O yaz anilarla dolu, sizi salcali makarnaya alistirmistim mesela. Ilk yapisimizda bol zeytinyaginda salcalarin kucuk bezecikler halinde kavrulusu gozumun onunde, sonra o makarnayi severek yemistiniz.
Sonra bir ara Istanbul'dan halanlar gelmisti, gunun en az yarisini sizde gecirdigim icin onlarla da kaynasmistim. Ozelikle enisten ne tatli bir adamdi, hayat dolu ve neseliydi, mutfagin kontrolumuzde oldugunu bildiginden bir gun malzemelerini alip gelmis, onun tarifiyle et-sote pisirmistik. O yemegin tadi da aklimda, ve sebzeleri nasil kucuk kucuk dogradigimiz. Ha bir de enistenin yepyeni, koyu yosun yesili Mercedes'ine binmek oyle guzeldi ki, paranin ekstra mutluluk alabilecegini oylece ogrenmis olduk.

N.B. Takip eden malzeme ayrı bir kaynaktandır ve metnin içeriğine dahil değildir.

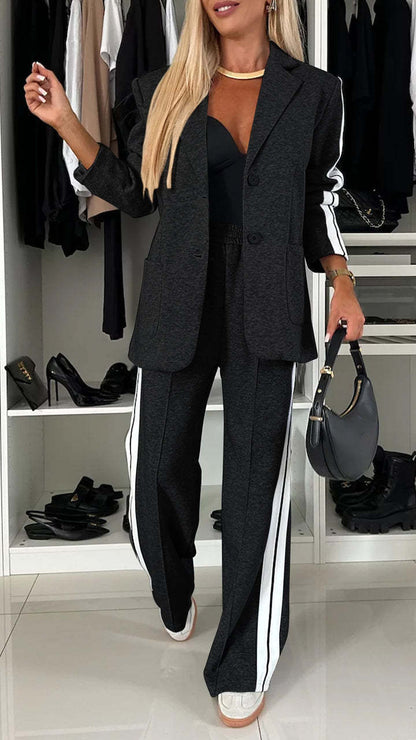 Costumes élégants | Blazers confortables avec revers et bretelles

Aah Oznur sen nasil ozenli bir insandin. Bazen tatli yapmak aklina gelirdi, kucuk tatli tarifi defterini cikarir icinden bir tane secerdin. Eksik malzemeleri almak uzere bakkala gitmek icin, etegini utuler, kiyafetlerini degistirir, upuzun acik kahve saclarini ozenle tarar, birkac defa bukerek ve katlayarak topuza donustururdun. Evden cikmadan, buzdolabinda tuttugun gul esansli Johnson Baby kolanyayi hem kendine doker hem bana ikram ederdin, ve oylece bakkalin yolunu tutardik. Yaptigin herseyi cok buyuk bir titizlikle ve sonucu mukemmel cikacak sekilde yapardin. Hem arkadasim hem kuzenimdin ve sana hayranligim cok buyuktu. Seninleyken senin hayatini izler, ona uyum saglardim, eve gelince ise kendime donerdim.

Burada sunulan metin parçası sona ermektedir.